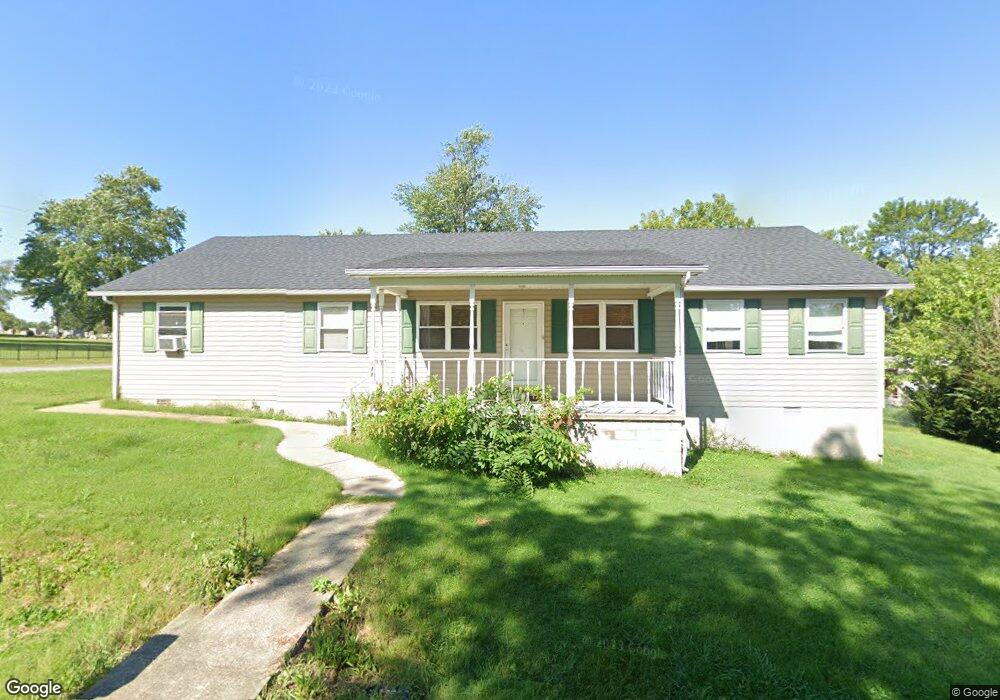 411 Marsh St, Harrisburg, IL 62946 - photo 1
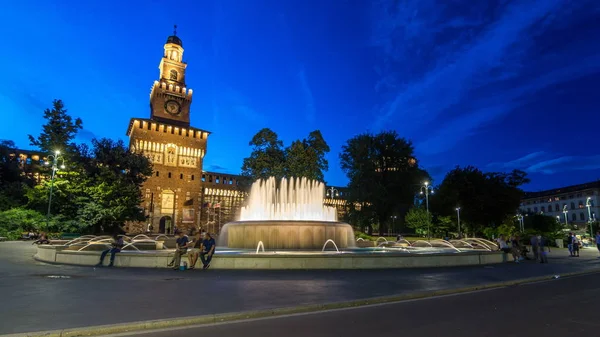 Hoofdingang Van Het Sforza Kasteel Toren Castello Sforzesco Verlicht Dag — Stockfoto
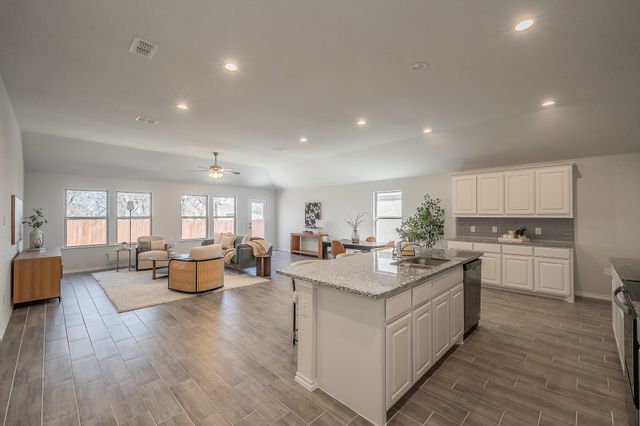 5804 Brookville Drive, Fort Worth, TX 76179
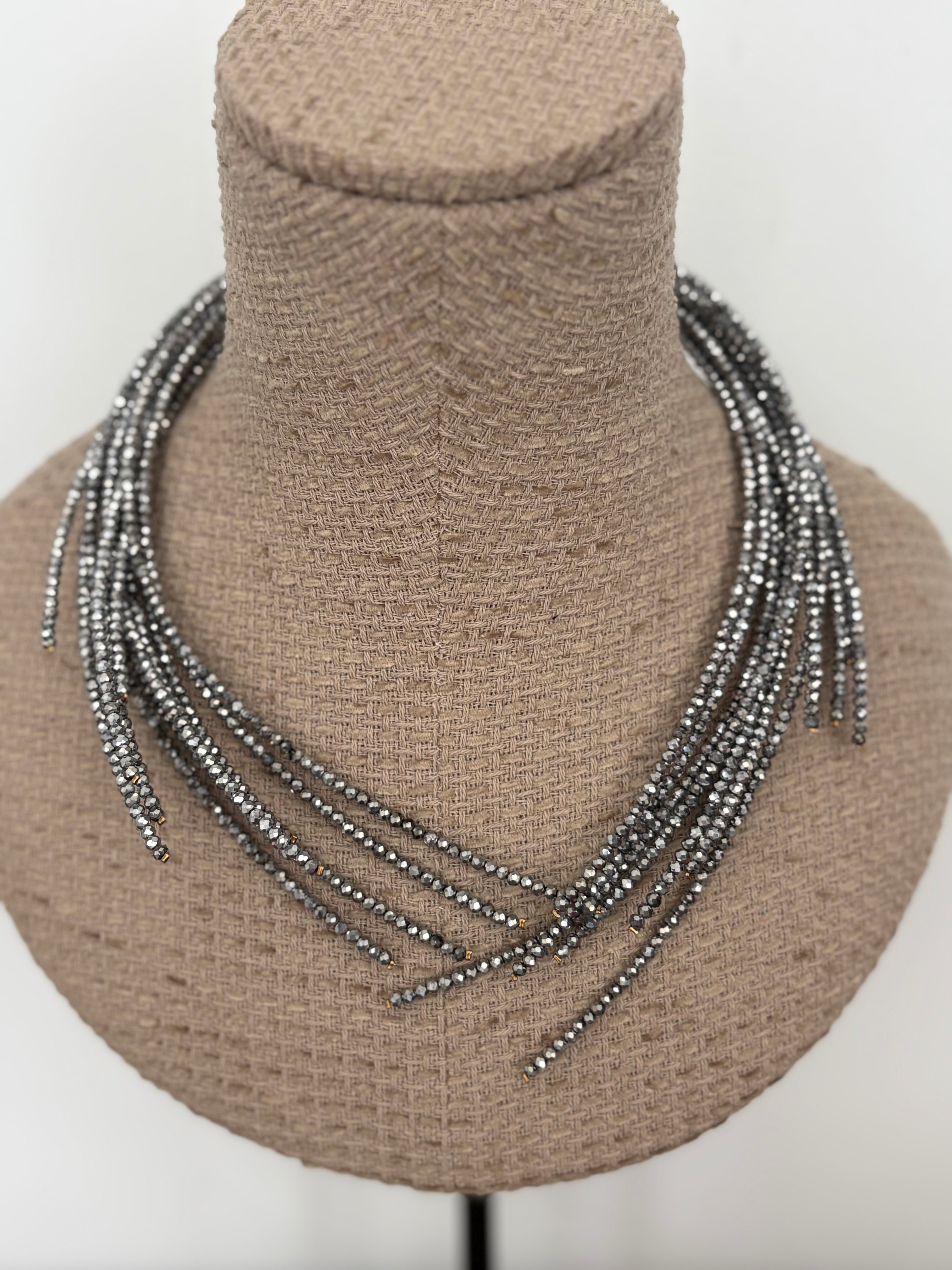 COLLAR  PUNTAS PLATEADO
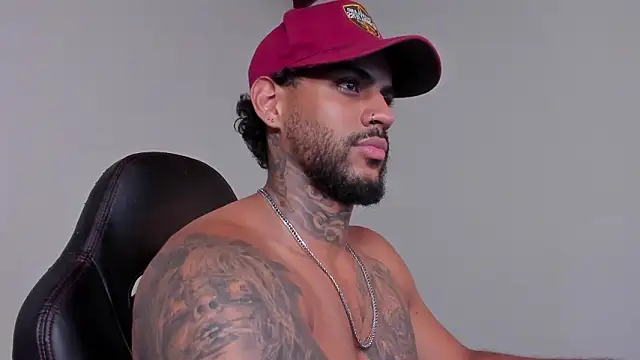 LuigiVitale 1 online show from February 8, 2026, 3:48 am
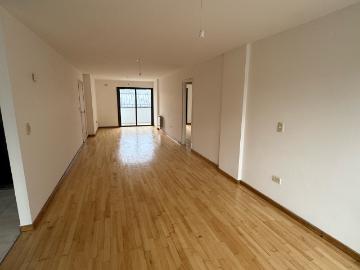 Alquilo departamento de 2 dormitorios en parana 656 a metros del parque sarmiento en Nueva Cordoba
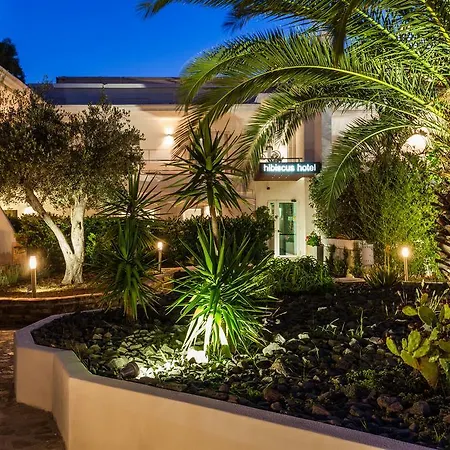 Hibiscus 4* ラ・カレッタ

::::::::::

* **Description of the task**
Reproduce exactly the lines that run from the line holding "LuigiVitale 1 online" through the final line of the entries, and omit every picture.

* **Result for this exercise**
 LuigiVitale 1 online show from February 8, 2026, 3:48 am
 Alquilo departamento de 2 dormitorios en parana 656 a metros del parque sarmiento en Nueva Cordoba
 Hibiscus 4* ラ・カレッタ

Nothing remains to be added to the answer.